Cambridgeshire and Peterborough Foundation Trust has completed a £20m sale of two of its sites to a housing quango, which plans to build 326 new homes on the land.

The sale to government housing delivery agency Homes England was agreed despite “reservations around the land valuations” being raised by the trust’s business and performance committee, according to minutes of its March board meeting.

The value for money case was, however, “protected to some extent by [an] uplift model”, which entitled the trust to a percentage of any future uplift in value of the land, committee members said, according to the minutes.

The sale contributed to the trust delivering a £12.2m surplus in 2017-18 against its £2.2m control total. It will receive £11.5m of sustainability and transformation funding after meeting its control total, although the trust confirmed to HSJ it would have met the target without the land sale.

A trust spokesman told HSJ: “The sales generated a profit on disposal of £9.6m, which falls within the control total calculations, and an impairment adjustment of £9.2m that falls outside of the control total calculations.”

The figures are still subject to agreement and sign-off by the trust’s auditors, he said.

The sites, the Ida Darwin unit in Cambridge, and the Gloucester Centre in Peterborough, will initially be leased back by the trust while it completes the relocation of the children’s inpatient services and corporate teams based on the sites, a process which has already begun.

The trust said the sale fitted with plans set out in Sir Robert Naylor’s review published in March 2017, which made recommendations on how to best reform the health service’s estate.

One was to build thousands of affordable homes on surplus NHS land and give NHS staff first refusal on up to 3,000 of these.

Trust finance director Scott Haldane said the quick sale would allow the trust to “find better accommodation for our services to ensure we continue to provide the best possible care for our patients”.

A trust statement added: “The majority of the services based on the Ida Darwin site have already relocated as part of an earlier planned withdrawal from the site, and the rest of the site will be vacated in two further phases.

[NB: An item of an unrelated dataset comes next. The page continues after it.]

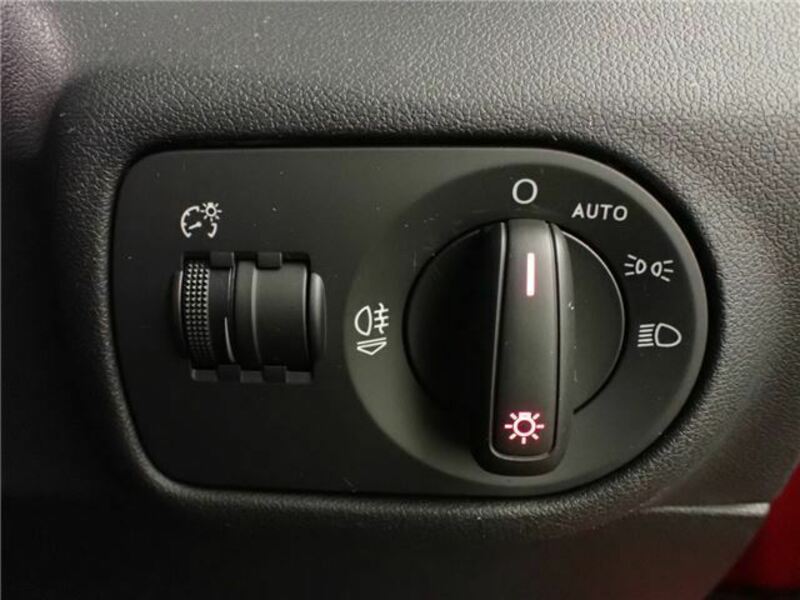 A1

“Phase two will take place by September 2018 and will include the relocation of the remaining corporate teams based on the site to new premises. 

“Phase three will take place within the next five years and will include moving the three children’s mental health inpatient units (the Croft, Phoenix and Darwin Centre) and the trust’s conference centre.”

Homes England director of land Stephen Kinsella said: “This site is an excellent example of Homes England’s commitment to bringing public land back into use for new homes. We’re really excited by the potential for 326 new homes across these two sites and look forward to seeing the plans progress.”